### Information ###
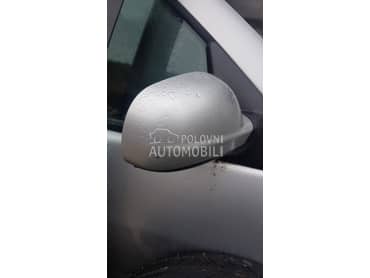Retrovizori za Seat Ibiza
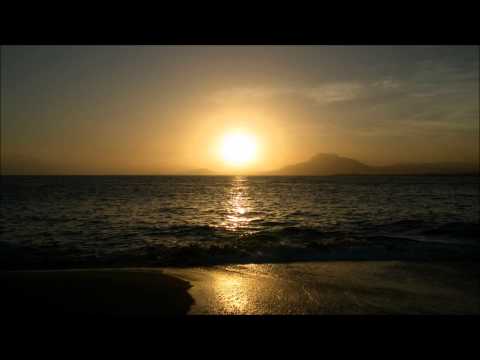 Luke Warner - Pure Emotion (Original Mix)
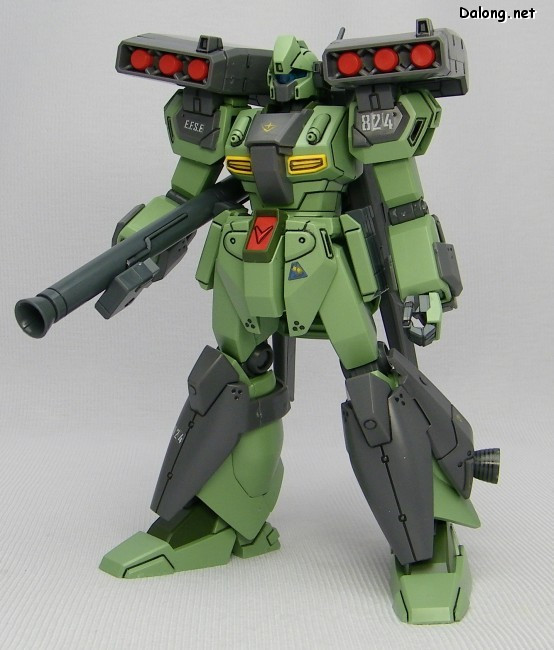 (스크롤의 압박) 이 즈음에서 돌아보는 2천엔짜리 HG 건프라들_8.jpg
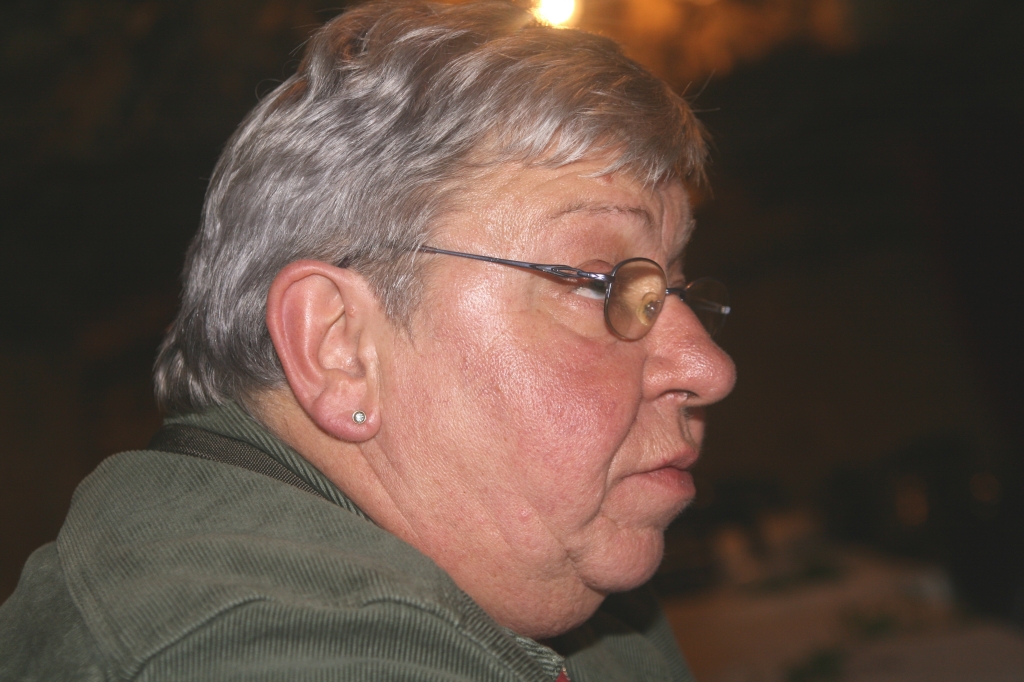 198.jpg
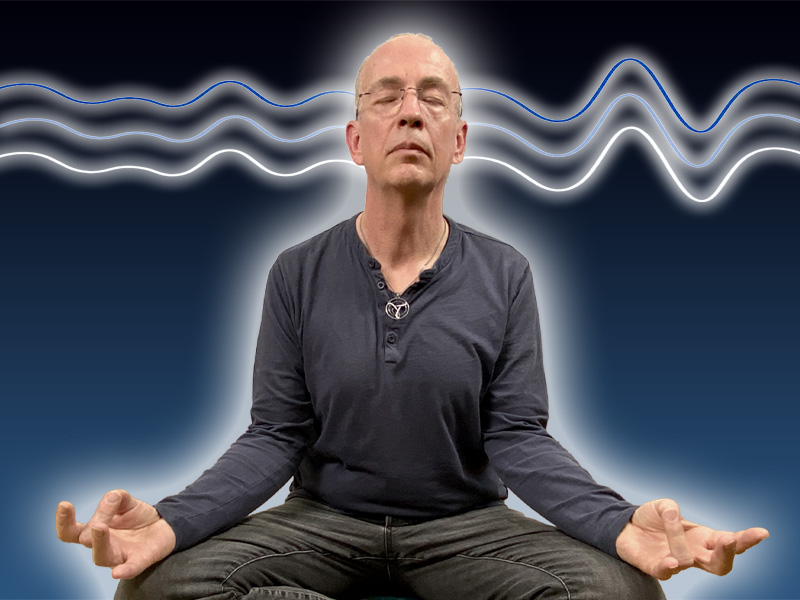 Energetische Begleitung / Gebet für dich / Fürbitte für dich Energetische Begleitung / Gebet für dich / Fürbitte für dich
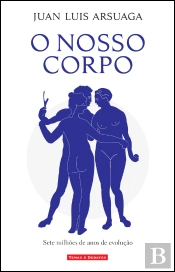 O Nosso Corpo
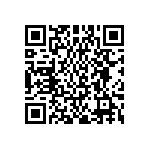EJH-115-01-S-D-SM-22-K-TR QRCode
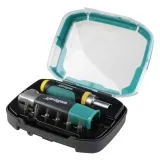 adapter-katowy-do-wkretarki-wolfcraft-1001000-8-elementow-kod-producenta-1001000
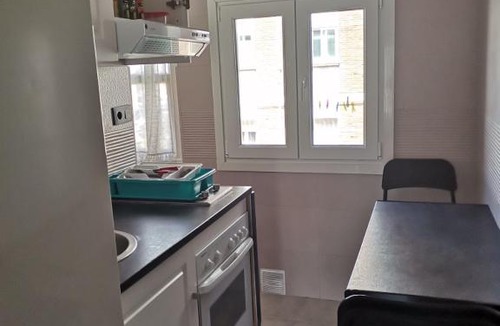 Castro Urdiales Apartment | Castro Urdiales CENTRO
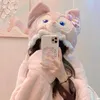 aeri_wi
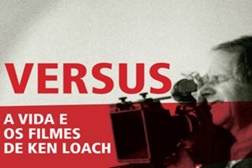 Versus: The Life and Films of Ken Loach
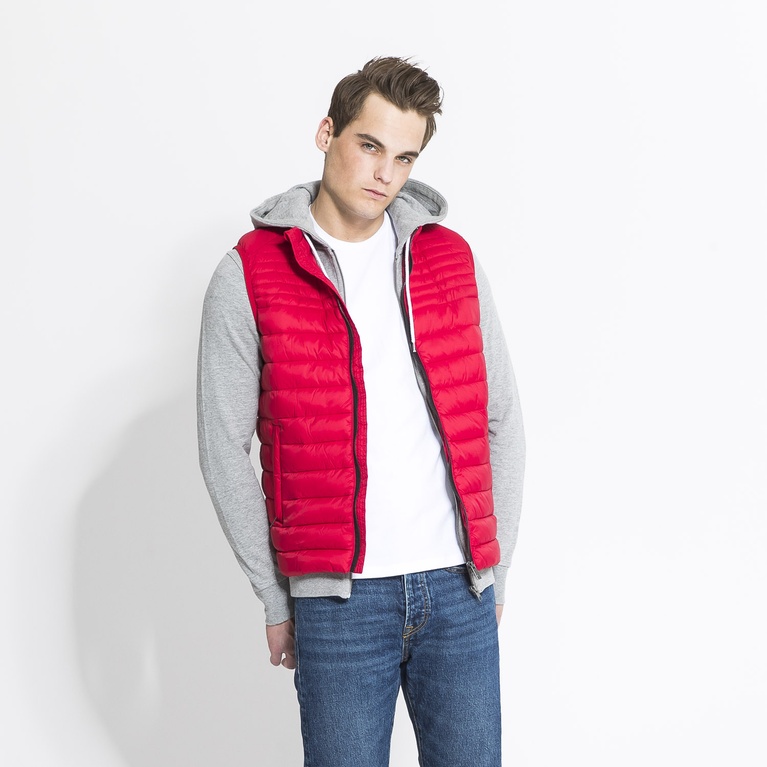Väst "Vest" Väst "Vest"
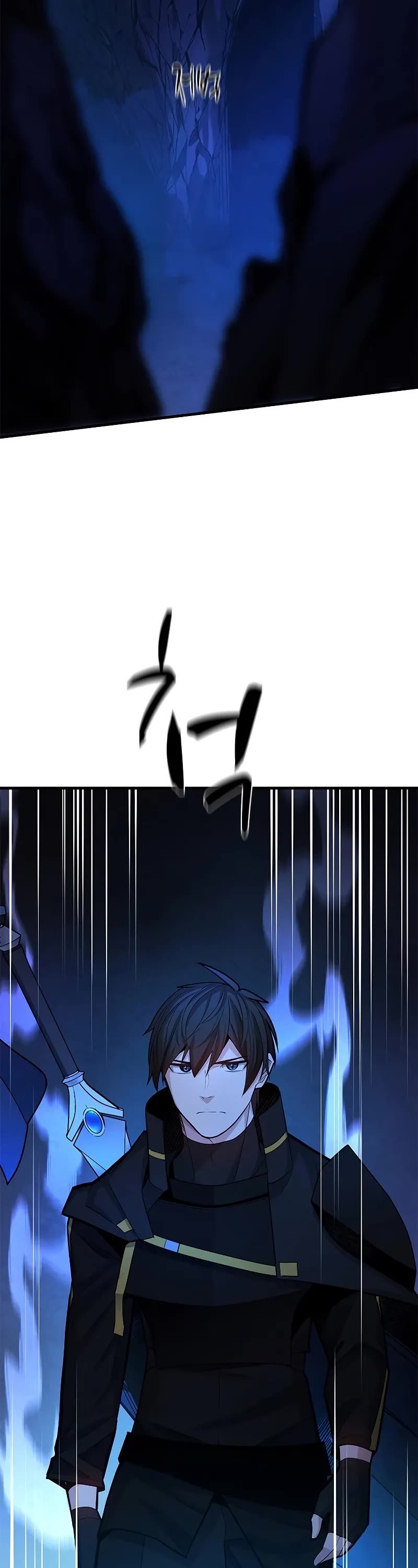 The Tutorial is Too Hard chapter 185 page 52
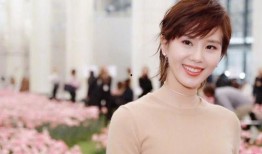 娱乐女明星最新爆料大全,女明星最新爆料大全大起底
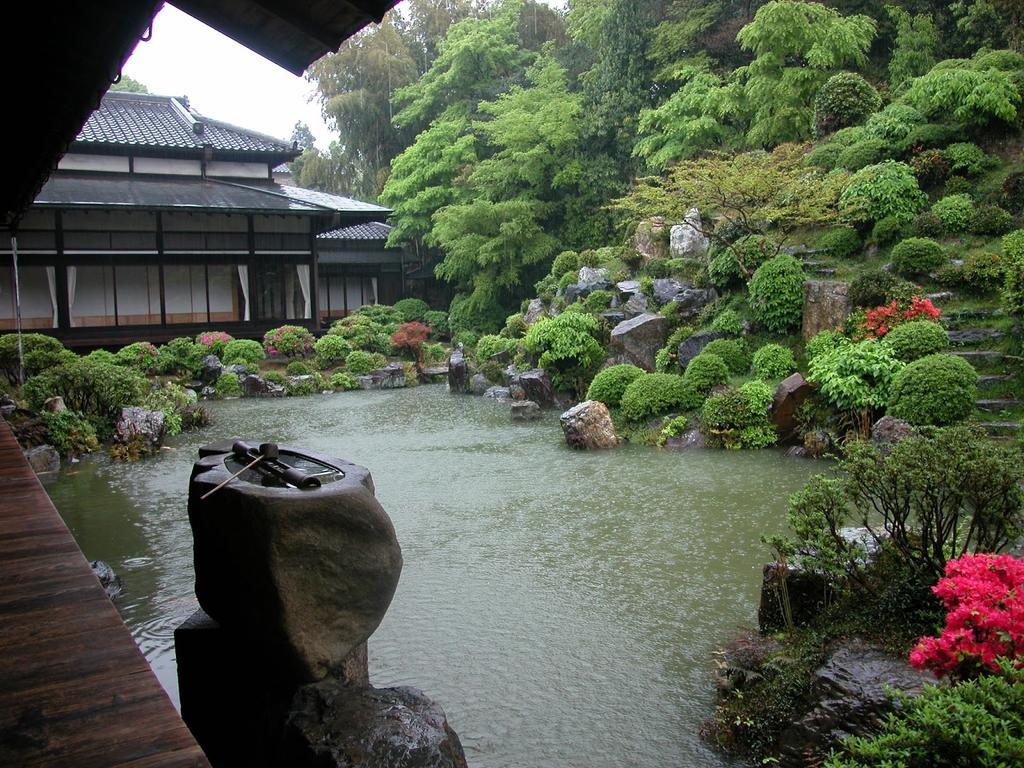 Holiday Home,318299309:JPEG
###
What is being asked => The required output is the line containing "Luke Warner - Pure Emotion (Original Mix)" plus every line after it to the end of the data, copied exactly and with no pictures.

Exercise result =>
 Luke Warner - Pure Emotion (Original Mix)
 (스크롤의 압박) 이 즈음에서 돌아보는 2천엔짜리 HG 건프라들_8.jpg
 198.jpg
 Energetische Begleitung / Gebet für dich / Fürbitte für dich Energetische Begleitung / Gebet für dich / Fürbitte für dich
 O Nosso Corpo
EJH-115-01-S-D-SM-22-K-TR QRCode
 adapter-katowy-do-wkretarki-wolfcraft-1001000-8-elementow-kod-producenta-1001000
 Castro Urdiales Apartment | Castro Urdiales CENTRO
 aeri_wi
 Versus: The Life and Films of Ken Loach
Väst "Vest" Väst "Vest"
 The Tutorial is Too Hard chapter 185 page 52
 娱乐女明星最新爆料大全,女明星最新爆料大全大起底
 Holiday Home,318299309:JPEG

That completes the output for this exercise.